**Your assignment**
Give again, word for word, every line below from the one that has "Стол рабочий с" through the one that has "Light-flooded 5 ½", both included, and no others.

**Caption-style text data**
○ ○ ○
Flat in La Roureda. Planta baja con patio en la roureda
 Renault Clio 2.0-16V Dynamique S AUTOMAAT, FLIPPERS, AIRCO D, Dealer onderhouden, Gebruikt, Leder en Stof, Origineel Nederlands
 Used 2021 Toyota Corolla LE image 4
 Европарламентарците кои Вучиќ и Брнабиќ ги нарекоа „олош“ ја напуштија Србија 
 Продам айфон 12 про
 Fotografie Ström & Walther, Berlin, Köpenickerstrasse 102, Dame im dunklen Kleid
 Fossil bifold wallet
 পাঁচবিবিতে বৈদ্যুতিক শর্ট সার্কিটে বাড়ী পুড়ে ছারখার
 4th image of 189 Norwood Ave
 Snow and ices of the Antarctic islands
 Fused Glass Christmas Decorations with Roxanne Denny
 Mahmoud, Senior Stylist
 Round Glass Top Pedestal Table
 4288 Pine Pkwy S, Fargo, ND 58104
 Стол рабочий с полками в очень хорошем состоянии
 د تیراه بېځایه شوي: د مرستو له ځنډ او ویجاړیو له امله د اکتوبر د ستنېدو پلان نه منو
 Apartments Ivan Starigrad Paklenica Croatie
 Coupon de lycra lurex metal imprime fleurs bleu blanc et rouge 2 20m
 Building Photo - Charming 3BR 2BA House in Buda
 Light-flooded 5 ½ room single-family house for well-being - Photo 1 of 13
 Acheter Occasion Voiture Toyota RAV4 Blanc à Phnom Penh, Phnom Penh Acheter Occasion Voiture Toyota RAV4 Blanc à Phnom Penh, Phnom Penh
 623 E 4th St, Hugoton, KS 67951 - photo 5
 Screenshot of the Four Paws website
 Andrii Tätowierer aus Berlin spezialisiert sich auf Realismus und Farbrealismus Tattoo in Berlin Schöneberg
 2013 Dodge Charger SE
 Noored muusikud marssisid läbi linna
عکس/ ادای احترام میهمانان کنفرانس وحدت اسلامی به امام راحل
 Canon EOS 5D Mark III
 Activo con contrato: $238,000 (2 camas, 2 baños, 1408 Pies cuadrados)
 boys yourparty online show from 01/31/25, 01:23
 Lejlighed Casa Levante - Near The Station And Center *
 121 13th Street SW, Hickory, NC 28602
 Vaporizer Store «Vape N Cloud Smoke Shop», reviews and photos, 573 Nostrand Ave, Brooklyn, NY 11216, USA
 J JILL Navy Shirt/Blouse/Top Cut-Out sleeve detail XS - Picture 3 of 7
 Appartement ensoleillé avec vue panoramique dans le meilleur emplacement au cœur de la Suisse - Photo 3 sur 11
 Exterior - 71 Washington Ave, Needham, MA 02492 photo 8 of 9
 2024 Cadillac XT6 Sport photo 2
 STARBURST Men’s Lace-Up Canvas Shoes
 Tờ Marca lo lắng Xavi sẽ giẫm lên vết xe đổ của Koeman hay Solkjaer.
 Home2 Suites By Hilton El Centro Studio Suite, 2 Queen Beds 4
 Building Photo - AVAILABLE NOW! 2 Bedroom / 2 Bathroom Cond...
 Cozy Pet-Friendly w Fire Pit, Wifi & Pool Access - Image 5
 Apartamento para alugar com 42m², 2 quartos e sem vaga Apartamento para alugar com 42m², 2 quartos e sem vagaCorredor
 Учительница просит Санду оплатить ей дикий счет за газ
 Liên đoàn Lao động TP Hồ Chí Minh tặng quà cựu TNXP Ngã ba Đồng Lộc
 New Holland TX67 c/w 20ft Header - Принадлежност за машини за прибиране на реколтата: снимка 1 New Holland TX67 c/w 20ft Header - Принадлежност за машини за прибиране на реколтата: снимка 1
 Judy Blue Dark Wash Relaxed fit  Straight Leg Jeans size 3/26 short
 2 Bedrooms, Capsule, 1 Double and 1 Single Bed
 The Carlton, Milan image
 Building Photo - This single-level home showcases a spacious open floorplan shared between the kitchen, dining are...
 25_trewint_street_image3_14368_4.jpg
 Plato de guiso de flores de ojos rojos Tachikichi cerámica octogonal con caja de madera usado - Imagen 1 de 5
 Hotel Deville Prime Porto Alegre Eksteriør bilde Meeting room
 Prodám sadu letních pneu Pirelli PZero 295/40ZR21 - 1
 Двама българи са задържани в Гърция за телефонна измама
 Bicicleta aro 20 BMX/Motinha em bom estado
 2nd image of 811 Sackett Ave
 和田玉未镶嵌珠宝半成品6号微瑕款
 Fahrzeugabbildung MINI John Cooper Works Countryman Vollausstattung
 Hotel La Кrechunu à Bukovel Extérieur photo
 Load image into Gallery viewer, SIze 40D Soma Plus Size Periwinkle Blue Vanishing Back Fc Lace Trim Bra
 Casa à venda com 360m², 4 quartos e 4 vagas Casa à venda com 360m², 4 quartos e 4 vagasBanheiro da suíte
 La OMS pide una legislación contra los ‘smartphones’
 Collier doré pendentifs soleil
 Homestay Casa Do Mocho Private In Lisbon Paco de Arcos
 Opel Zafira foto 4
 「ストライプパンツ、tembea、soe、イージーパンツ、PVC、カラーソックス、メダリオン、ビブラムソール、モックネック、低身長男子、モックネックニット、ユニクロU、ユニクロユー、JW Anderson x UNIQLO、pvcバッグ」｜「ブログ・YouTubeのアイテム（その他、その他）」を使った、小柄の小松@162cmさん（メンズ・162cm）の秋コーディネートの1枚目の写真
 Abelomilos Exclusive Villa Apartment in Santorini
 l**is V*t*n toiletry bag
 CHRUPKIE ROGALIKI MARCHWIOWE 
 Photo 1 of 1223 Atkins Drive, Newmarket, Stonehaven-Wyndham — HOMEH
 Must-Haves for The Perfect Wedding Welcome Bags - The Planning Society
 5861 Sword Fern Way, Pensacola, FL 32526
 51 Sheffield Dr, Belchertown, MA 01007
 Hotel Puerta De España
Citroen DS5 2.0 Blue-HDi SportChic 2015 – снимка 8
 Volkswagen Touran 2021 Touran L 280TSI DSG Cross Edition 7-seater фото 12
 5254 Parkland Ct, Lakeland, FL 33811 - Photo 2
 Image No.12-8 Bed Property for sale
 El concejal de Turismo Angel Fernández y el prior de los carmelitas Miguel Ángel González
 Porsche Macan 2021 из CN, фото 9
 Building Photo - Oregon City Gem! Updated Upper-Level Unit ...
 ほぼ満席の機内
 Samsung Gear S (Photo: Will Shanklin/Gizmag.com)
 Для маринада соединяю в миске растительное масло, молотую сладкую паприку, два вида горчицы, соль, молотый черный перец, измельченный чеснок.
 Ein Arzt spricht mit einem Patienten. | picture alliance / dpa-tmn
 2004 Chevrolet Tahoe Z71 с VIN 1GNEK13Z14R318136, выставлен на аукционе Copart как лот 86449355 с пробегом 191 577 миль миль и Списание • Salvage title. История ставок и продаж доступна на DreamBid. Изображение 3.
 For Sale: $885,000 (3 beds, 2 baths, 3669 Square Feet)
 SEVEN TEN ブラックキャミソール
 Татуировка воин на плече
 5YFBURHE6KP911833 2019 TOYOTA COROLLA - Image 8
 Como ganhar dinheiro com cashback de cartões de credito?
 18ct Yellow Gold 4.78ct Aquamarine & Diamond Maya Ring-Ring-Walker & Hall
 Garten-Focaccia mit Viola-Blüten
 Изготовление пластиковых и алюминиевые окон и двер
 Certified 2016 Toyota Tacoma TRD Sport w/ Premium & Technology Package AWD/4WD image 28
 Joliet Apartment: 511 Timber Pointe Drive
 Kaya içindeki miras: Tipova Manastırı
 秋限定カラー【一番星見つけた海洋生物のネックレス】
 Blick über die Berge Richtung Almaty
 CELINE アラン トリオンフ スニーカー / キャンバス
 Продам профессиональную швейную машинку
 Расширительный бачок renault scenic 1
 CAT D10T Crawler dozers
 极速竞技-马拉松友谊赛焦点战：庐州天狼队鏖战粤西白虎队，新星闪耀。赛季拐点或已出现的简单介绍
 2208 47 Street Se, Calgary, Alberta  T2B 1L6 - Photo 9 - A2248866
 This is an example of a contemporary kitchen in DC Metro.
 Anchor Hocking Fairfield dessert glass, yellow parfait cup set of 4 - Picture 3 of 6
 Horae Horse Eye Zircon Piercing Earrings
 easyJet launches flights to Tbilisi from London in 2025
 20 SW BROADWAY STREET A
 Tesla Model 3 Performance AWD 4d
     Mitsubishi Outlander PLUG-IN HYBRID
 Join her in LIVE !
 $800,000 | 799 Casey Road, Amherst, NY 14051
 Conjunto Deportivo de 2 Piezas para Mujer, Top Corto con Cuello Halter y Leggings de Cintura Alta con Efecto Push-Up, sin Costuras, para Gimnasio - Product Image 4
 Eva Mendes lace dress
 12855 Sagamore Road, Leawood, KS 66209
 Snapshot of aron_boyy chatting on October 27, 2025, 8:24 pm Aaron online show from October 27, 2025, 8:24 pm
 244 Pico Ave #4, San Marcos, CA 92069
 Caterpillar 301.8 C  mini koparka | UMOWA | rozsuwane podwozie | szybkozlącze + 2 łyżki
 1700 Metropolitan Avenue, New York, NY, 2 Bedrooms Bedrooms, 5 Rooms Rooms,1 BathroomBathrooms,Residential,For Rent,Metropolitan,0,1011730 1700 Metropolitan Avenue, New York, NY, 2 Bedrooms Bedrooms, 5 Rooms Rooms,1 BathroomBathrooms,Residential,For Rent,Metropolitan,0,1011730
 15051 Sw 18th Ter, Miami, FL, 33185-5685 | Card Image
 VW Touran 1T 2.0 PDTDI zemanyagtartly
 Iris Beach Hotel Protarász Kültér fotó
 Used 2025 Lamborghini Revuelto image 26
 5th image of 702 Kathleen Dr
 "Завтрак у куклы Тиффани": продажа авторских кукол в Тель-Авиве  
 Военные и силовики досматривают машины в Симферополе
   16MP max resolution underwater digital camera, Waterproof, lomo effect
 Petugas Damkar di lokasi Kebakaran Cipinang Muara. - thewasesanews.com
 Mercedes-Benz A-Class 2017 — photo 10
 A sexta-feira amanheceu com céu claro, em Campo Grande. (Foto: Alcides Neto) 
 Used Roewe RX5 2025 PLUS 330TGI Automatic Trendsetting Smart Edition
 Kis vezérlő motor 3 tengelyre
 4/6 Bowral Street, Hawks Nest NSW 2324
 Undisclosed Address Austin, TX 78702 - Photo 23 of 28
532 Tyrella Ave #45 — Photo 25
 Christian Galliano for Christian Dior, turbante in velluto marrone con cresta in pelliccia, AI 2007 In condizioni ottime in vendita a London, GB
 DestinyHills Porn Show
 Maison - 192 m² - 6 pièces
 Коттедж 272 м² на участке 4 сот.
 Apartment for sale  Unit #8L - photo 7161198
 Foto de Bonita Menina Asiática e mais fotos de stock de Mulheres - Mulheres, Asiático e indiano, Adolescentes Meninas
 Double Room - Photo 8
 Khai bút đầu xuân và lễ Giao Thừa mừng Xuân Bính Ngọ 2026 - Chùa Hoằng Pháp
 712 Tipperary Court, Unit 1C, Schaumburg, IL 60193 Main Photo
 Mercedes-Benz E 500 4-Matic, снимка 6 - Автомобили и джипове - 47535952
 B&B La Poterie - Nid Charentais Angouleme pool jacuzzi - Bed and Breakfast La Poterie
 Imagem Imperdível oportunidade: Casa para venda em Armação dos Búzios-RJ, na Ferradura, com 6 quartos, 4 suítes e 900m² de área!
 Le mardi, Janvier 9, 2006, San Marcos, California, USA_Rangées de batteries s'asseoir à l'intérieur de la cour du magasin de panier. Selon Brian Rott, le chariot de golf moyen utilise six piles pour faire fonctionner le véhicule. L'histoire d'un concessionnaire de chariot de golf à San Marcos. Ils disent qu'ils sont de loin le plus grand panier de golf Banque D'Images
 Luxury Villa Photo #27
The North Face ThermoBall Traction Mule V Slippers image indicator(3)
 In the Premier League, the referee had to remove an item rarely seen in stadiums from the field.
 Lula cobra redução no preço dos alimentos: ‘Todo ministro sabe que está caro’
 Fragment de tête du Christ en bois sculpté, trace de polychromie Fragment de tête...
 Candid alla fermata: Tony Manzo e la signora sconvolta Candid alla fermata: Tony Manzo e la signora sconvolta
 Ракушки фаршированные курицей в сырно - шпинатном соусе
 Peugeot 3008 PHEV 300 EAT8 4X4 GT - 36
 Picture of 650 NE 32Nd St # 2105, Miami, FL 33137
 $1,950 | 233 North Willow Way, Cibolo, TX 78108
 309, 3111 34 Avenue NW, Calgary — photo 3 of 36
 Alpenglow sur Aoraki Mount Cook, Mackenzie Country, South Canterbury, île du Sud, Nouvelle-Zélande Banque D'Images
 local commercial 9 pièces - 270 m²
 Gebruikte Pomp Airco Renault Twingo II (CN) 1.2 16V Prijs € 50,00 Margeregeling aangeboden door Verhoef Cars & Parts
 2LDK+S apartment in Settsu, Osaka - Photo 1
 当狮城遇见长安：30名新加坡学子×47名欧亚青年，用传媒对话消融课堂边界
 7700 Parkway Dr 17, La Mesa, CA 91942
○ ○ ○
**Problem solution**
 Стол рабочий с полками в очень хорошем состоянии
 د تیراه بېځایه شوي: د مرستو له ځنډ او ویجاړیو له امله د اکتوبر د ستنېدو پلان نه منو
 Apartments Ivan Starigrad Paklenica Croatie
 Coupon de lycra lurex metal imprime fleurs bleu blanc et rouge 2 20m
 Building Photo - Charming 3BR 2BA House in Buda
 Light-flooded 5 ½ room single-family house for well-being - Photo 1 of 13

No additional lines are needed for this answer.